#### AIM OF THE EXERCISE:
Return nothing but the lines from the one with "Fyxation Gates PC Pedals White" through the one with "Ankh of Mishra" in the data below, word for word and without pictures.
[[ DATA TO USE open ]]
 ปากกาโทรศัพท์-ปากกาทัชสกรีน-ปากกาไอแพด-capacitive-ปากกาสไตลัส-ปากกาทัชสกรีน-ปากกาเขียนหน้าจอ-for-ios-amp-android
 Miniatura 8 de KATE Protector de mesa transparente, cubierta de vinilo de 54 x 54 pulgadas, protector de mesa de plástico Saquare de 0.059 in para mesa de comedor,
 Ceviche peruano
[[ DATA TO USE closed ]]
[[ DATA TO USE open ]]
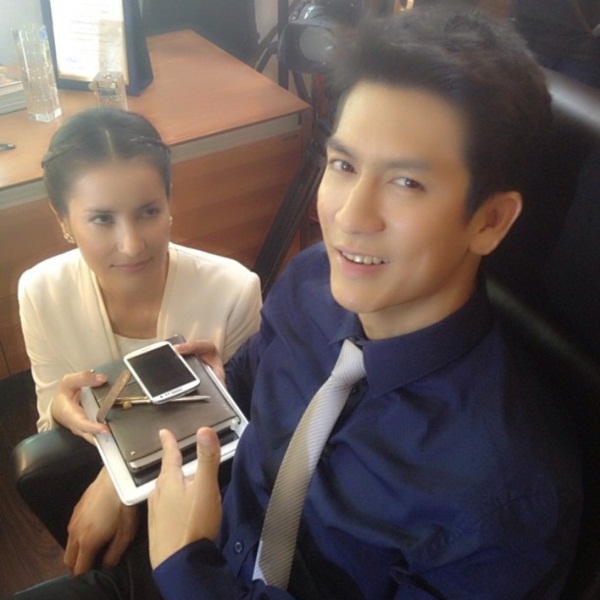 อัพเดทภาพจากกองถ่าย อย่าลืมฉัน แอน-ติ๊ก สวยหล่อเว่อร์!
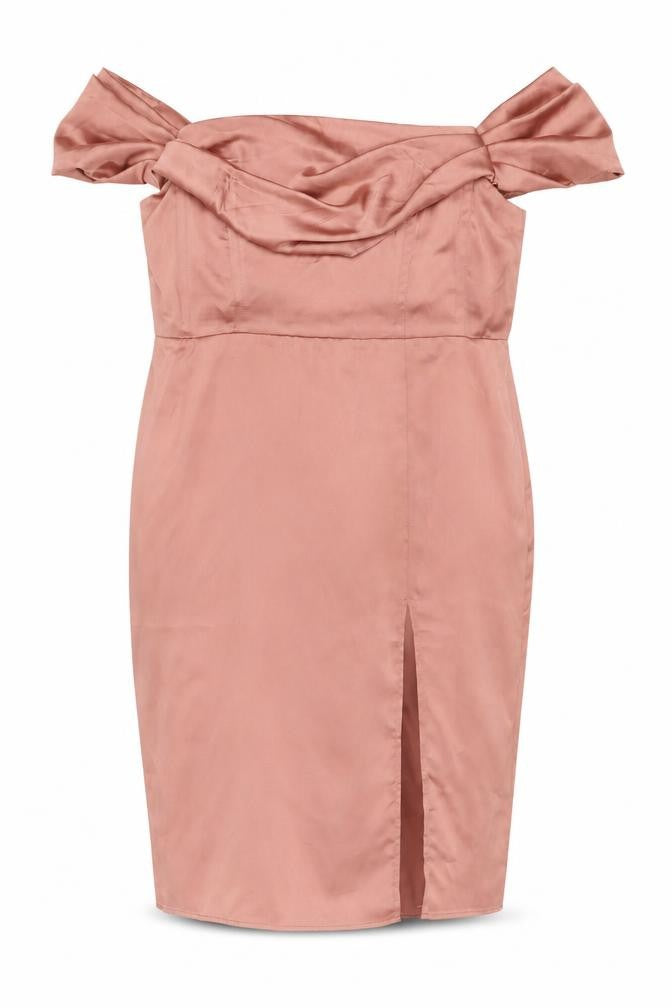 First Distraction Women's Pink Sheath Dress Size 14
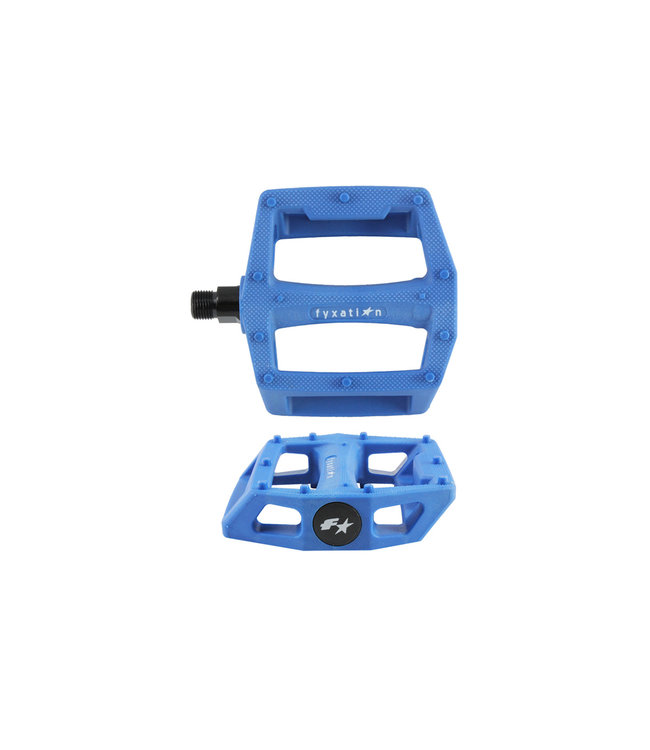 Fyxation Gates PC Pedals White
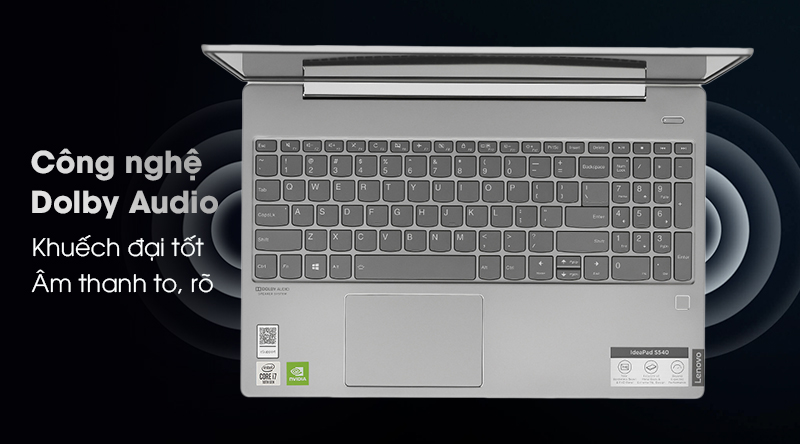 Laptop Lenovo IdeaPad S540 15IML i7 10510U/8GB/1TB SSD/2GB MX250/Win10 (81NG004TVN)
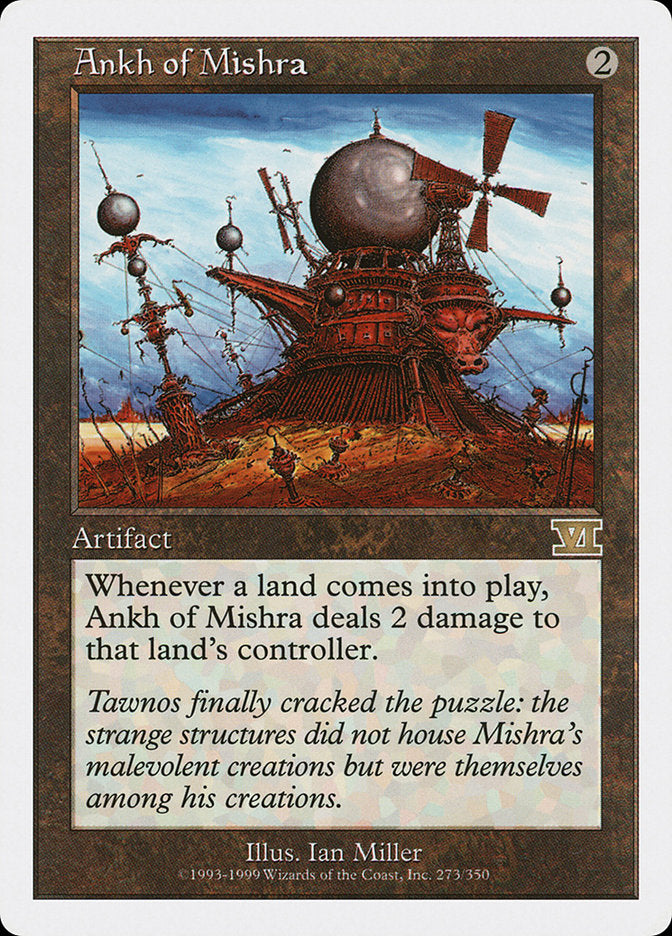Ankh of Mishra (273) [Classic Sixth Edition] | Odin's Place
[[ DATA TO USE closed ]]
[[ DATA TO USE open ]]
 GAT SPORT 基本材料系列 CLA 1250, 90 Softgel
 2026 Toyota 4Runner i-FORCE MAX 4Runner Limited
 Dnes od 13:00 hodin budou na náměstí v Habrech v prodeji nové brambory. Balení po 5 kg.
[[ DATA TO USE closed ]]
#### EXERCISE RESPONSE:
 Fyxation Gates PC Pedals White
 Laptop Lenovo IdeaPad S540 15IML i7 10510U/8GB/1TB SSD/2GB MX250/Win10 (81NG004TVN)
Ankh of Mishra (273) [Classic Sixth Edition] | Odin's Place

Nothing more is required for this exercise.